Delaney…. please know that the “legends and leaders” makes you the brunt of SO many jokes… that… and getting owned in Bowl season…
The championship game should be played at a neutral site.
Only one conference cares about geography. the south eastern conference has kentucky which is not south, texas a&m which isn’t east, and missouri which is mid and west! of course the atlantic coast conference has taken a team from kentucky and a team from pennsylvania, neither of which touch the atlantic coast! the big east will expand to the western state of texas (althought it wanted to go as far as california). the big 12 for some reason has west virginia, half a country away; while the big 10 is the only one that even makes georgraphic sense with all member states touching
I only count 5 teams in the “West” division. Who is the other team?
@scalpemseminoles
Kentucky is in the South
Texas A&M is also in the South
Missouri – Wh0 cares?
Nebraska (BIG10) doesn’t touch any of the other member states (at least I don’t think so)
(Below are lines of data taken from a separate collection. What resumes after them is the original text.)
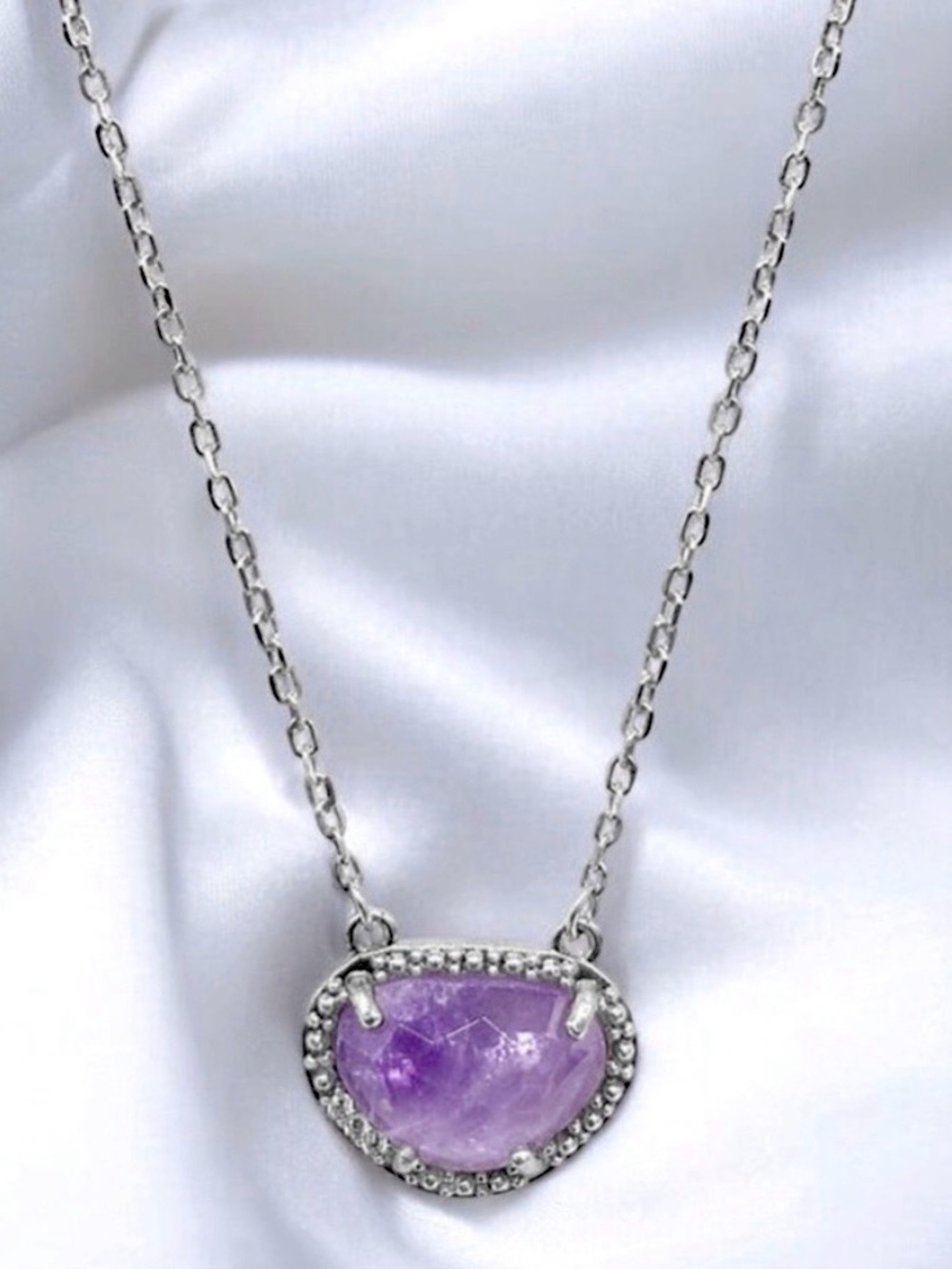 Adornia Fine Sterling Silver Amethyst Halo Pendant Necklace 16+2”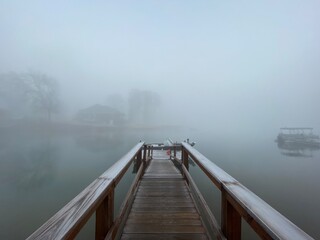 early morning mist on dock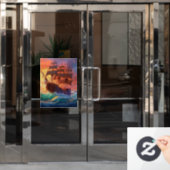 Segelschiff auf einem Sturmmeer Fensteraufkleber (Büro Tür)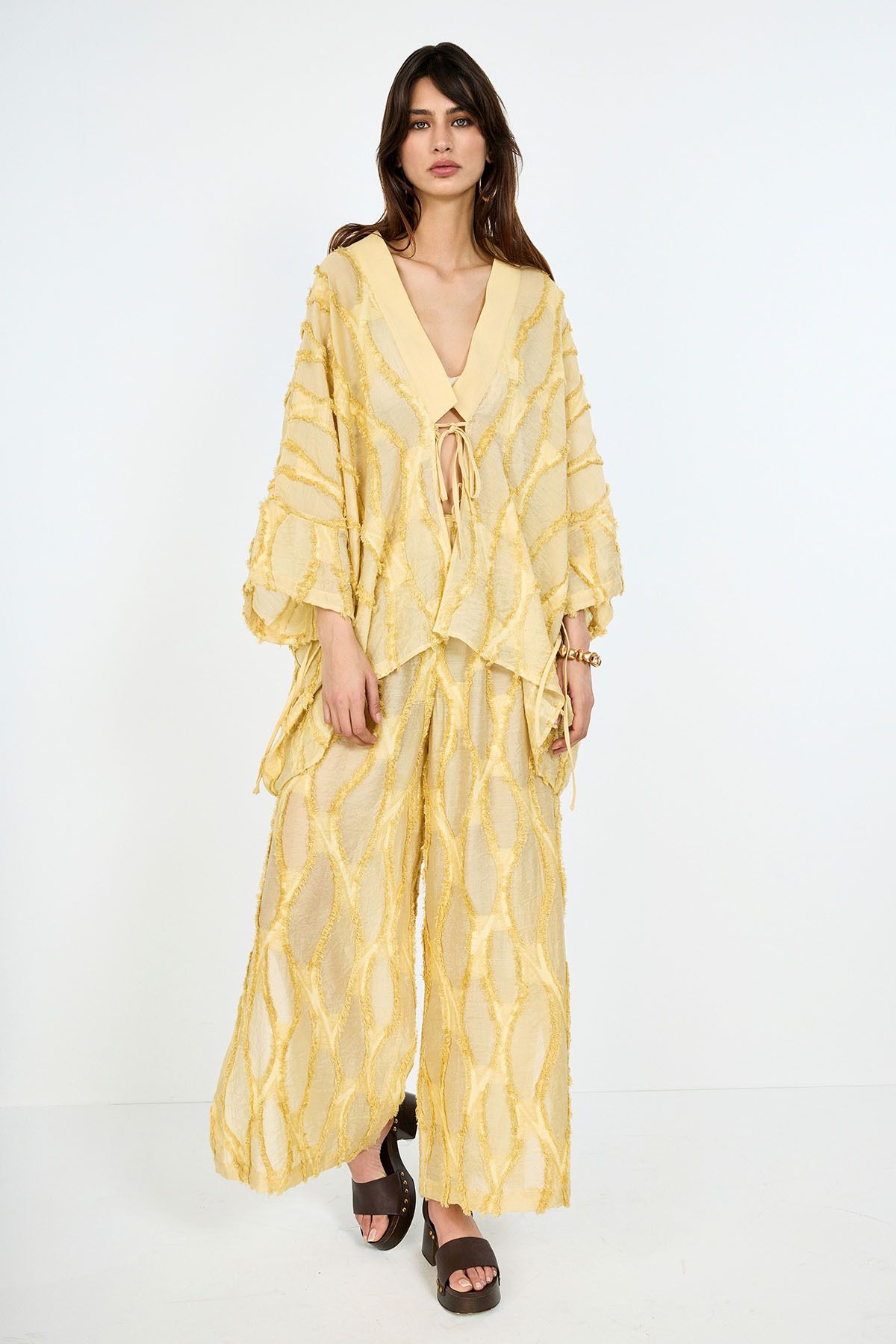 boneqa barcelona Sarı Jakarlı Kaftan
Wow and the West teams play west of the mountains, Genius! Remarkable how easy that was.
Hey Tim, Nebraska touches Iowa. Just so you know
@bigfatpaulie27
Ok….I stand corrected.
But I just checked my map of the US and Missouri borders Arkansas so all the SEC teams touch each other too.
scalp, the Pac-12 makes sense geographically.
I like the idea of the highest rank team hosting the title game. In so many of these conference championship games, the stadium is half empty and there is no atmosphere.
With it being at a stadium of a team involved, you can almost guarantee sellout.
The Pac-12 championship is played at the stadium of a participant, and a sell-out is not guaranteed.